I jump to my feet. “C’m’on!” I shout, and we’re off, we’re skimming onto the dance floor, we’re showing all those wrinklies that not everyone under thirty thinks dancing means jigging up and down while zonked.
We swivel, we swoop, we sweat, we lunge, we twirl. We’re wonderful and everyone knows it. The other couples melt away. The blokes in the band are smiling. The waiters have stopped serving. The punters are goggle-eyed. There’s never been such a performance of “In the Mood,” never. It’s Saturday night at the Savoy, it’s Saturday night at one of the greatest hotels on earth, and Susanne and I are special, we count, we matter—and never more so than at this moment when we’re living out something that’s more than just our own truth. In an electrifying flash of understanding I know we’re proving that the human spirit can triumph over anything— anything—even the most soul-destroying abuse, and that the final word on such wasting lies not with the abusers but with the abused.
“Encore!” comes a shout, and instantly more people bawl out: “Encore, encore!” Everyone’s clapping and cheering. We bow. I suddenly realise Susanne’s not looking like a tart any more. She’s looking like the last word in cosmopolitan chic. Her eyes are shining, her cheeks are pink, the breasts deserve an Oscar for special effects.

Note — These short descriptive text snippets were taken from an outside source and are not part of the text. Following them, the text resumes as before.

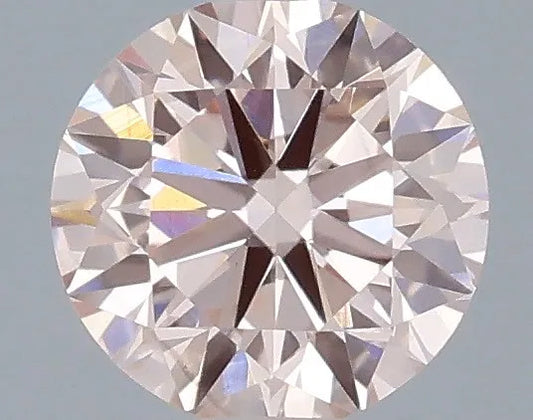 0.36ct Round Lab Grown Diamond (Colour Fancy Intense Pink, Clarity VS2, Cut VG, IGI Certified)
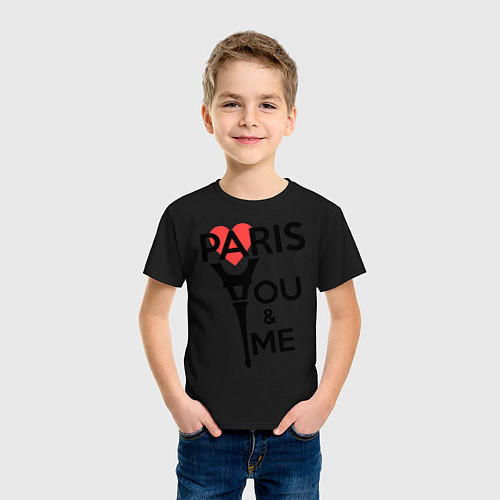 Детская футболка Paris: You & me / Черный – фото 3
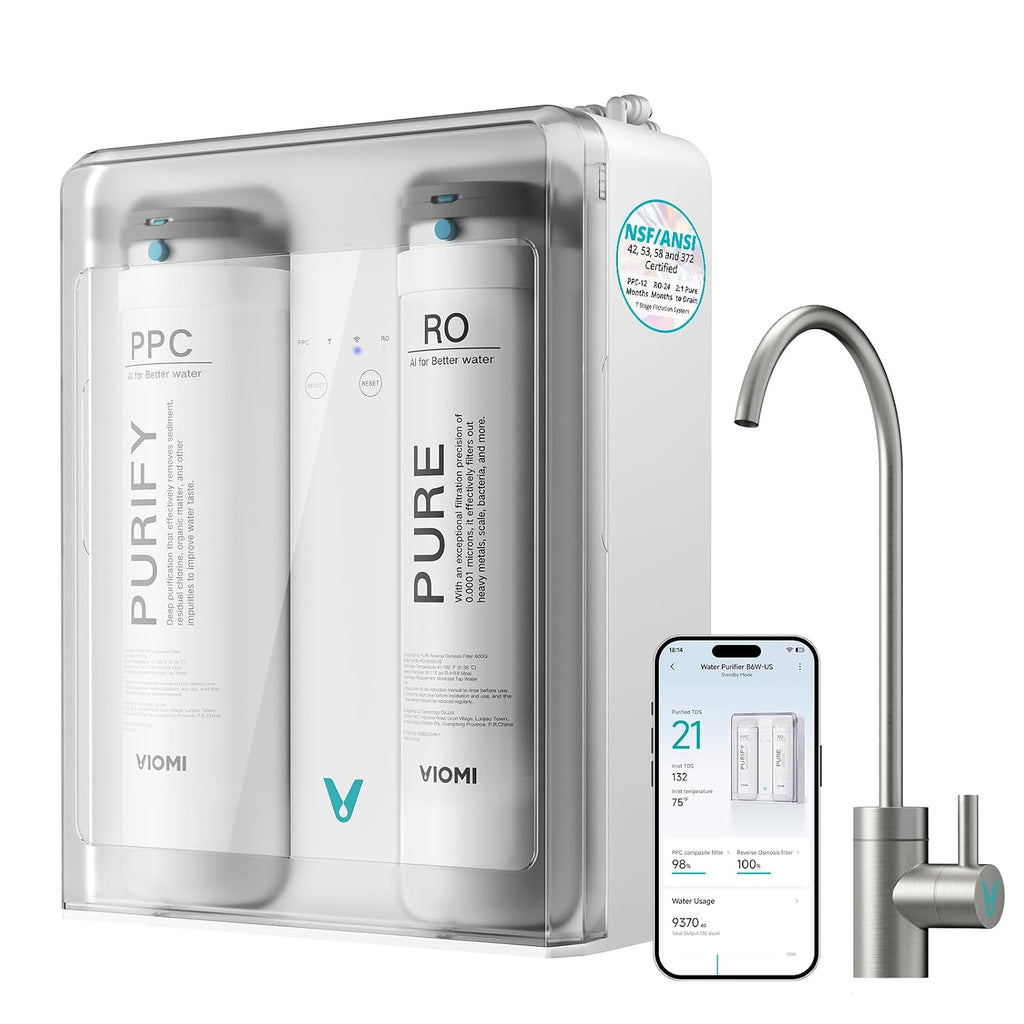 Pure B6W 600GPD Under-Sink Tankless Reverse Osmosis Water Filtration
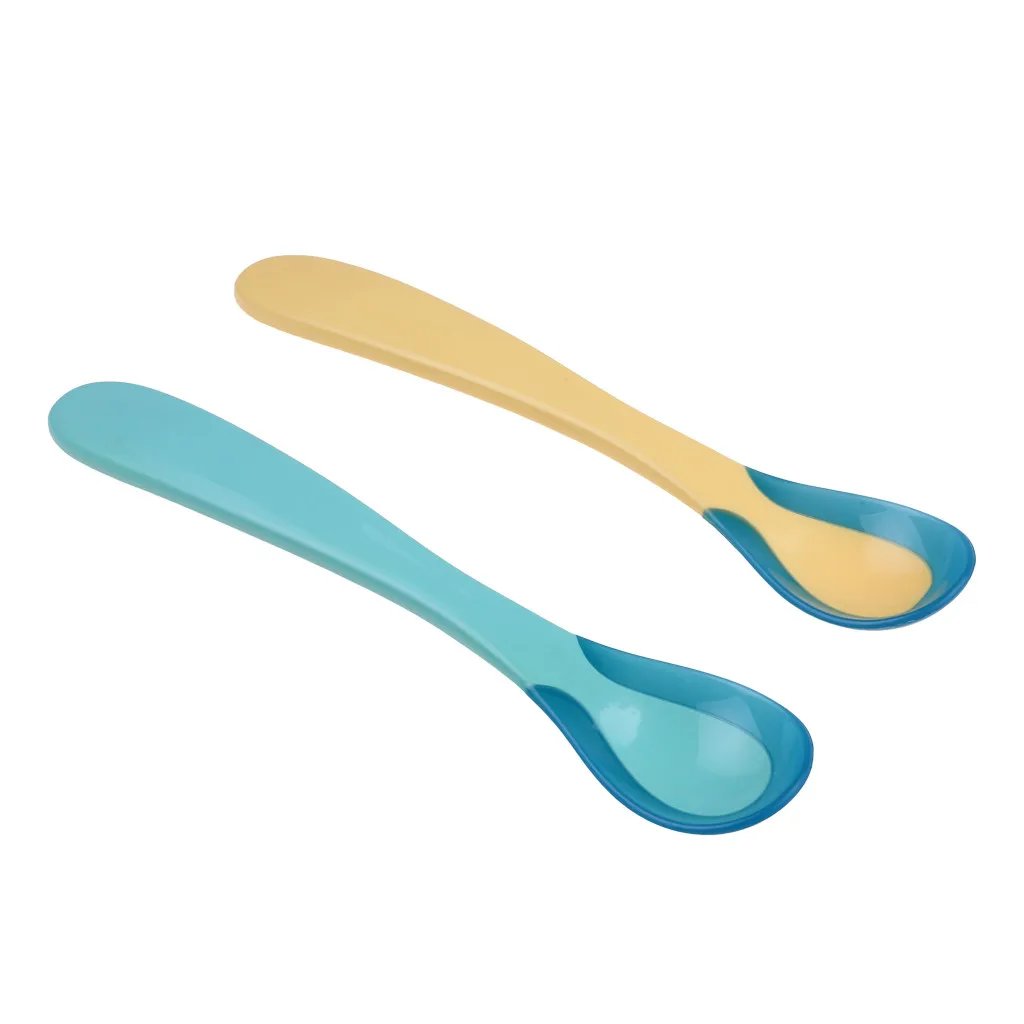 

Temperature Heat Sensing Newborn Baby Spoon Safety Infant Feeding Tool Baby Care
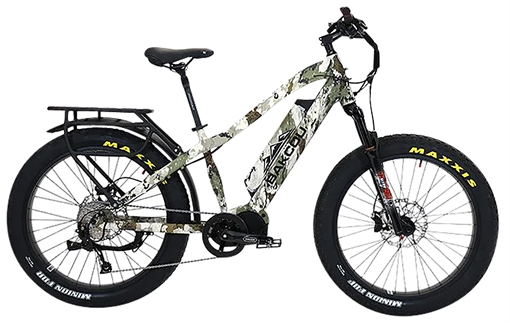 Picture of Bakcou E-bikes Mule Kings XK7 18" w/Stand Over Height of 29.50" Frame, Shimano Alivio Hill-Climbing 9 Speed Bafang M620 Ultra Motor, 35+ mph Speed BMKCB25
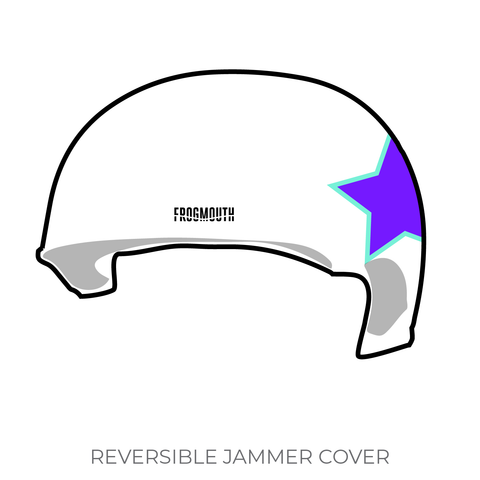 Coastal Virginia Roller Derby: Jammer Helmet Cover (White)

As the band strikes up again to respond to the demands for an encore, I know what ecstasy is and it’s not a bloody pill. Ecstasy is me being not just myself but all of myself. My body, mind and spirit are finally working as one—but no, wait, it’s better than that because I see now my spirit’s not just one of a bunch of parts. It’s the force which permeates every cell that’s me and makes me more than just the sum of my parts. And the force isn’t just pushing me to be myself now—it’s pushing me to become the self I haven’t yet got around to being, the self I was designed to be—yeah, that’s it, designed, it’s as if there’s a blueprint situation going on and I’m a dream in the mind of the architect. He’s got me down on paper, all the dimensions dovetailing, and he’s breathed his spirit into his work the way creative people do, but the construction environment’s been so tough that the builders couldn’t cope so I’m still only a half-finished wreck. I need a big jolt to get the project back on course, and this is it, this is the big jolt, this is the architect grabbing the nearest blowtorch and turning on the power.
I’m being brought to life. Real life, not the life I had before. Maybe I’ve even been dead for a while without knowing it. Yeah, of course, that’s it, I get it—I was dead but I’m being resurrected, like The Bloke. The Bloke’s here now, obviously, putting that thought into my head. He was one of those people who called “encore,” and suddenly I see he’s already been calling me to life—calling me through Richard, through Carta, through Nicholas, through all those St. Benet’s people who rose to their feet as I entered that room. Okay, I’m still lost, I’m still in a dark, dangerous place, but I’m going to be all right because The Bloke’s determined to bring me back from the dead, he’s determined to bring me home—and meanwhile he keeps sending people, like visions, to give me hope of better times to come. Even Susanne’s a vision, drawing me into the dance which has raised my consciousness to the stars.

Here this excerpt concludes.